Materials provided
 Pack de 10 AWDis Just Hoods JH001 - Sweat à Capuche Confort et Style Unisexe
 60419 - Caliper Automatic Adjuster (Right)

==

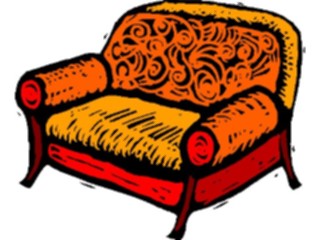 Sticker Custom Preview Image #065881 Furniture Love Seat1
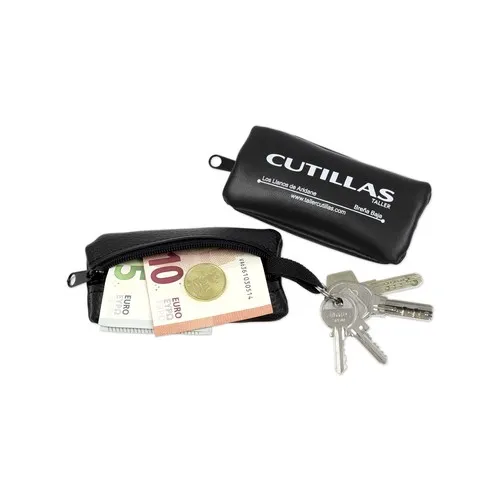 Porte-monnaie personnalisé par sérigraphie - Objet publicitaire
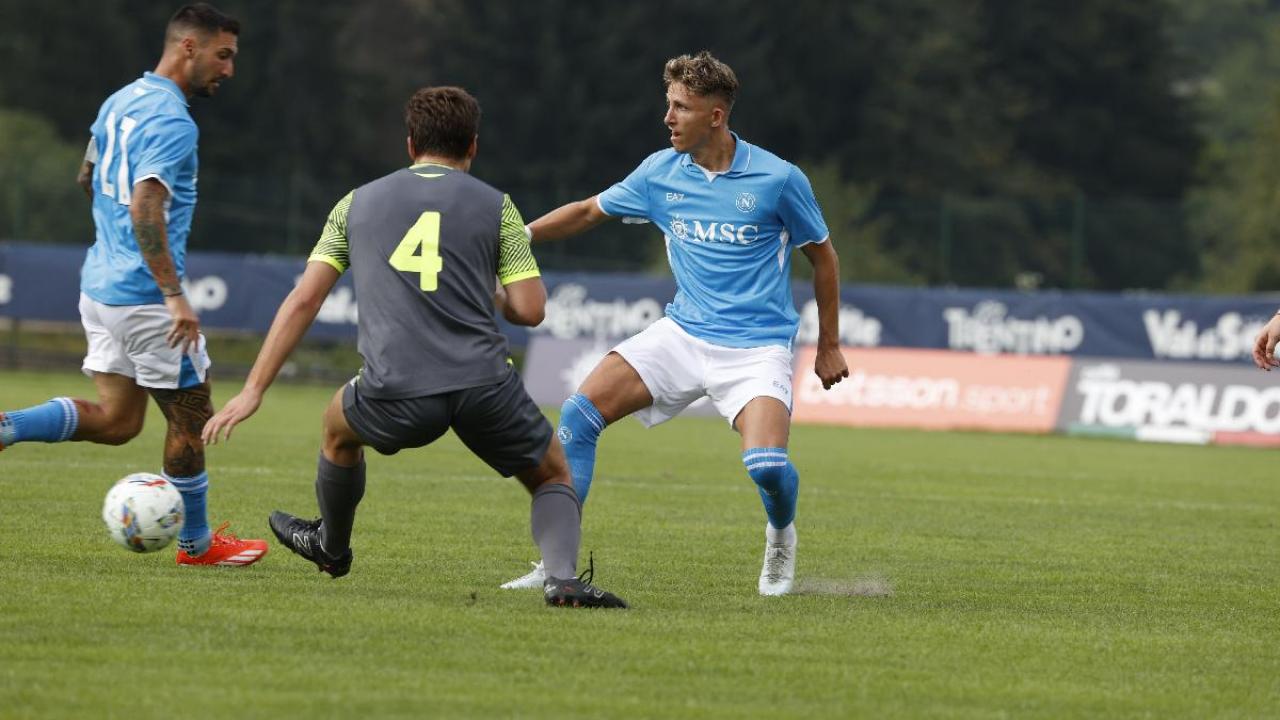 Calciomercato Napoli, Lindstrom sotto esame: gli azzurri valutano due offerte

--

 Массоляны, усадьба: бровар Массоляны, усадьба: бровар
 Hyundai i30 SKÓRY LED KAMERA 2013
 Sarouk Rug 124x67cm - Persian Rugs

Required work
From the data above, output only the lines between the line containing "Hyundai i30 SKÓRY LED KAMERA 2013" and the line containing "Sarouk Rug 124x67cm - Persian Rugs", inclusive, exactly as written.

Output of the task
 Hyundai i30 SKÓRY LED KAMERA 2013
 Sarouk Rug 124x67cm - Persian Rugs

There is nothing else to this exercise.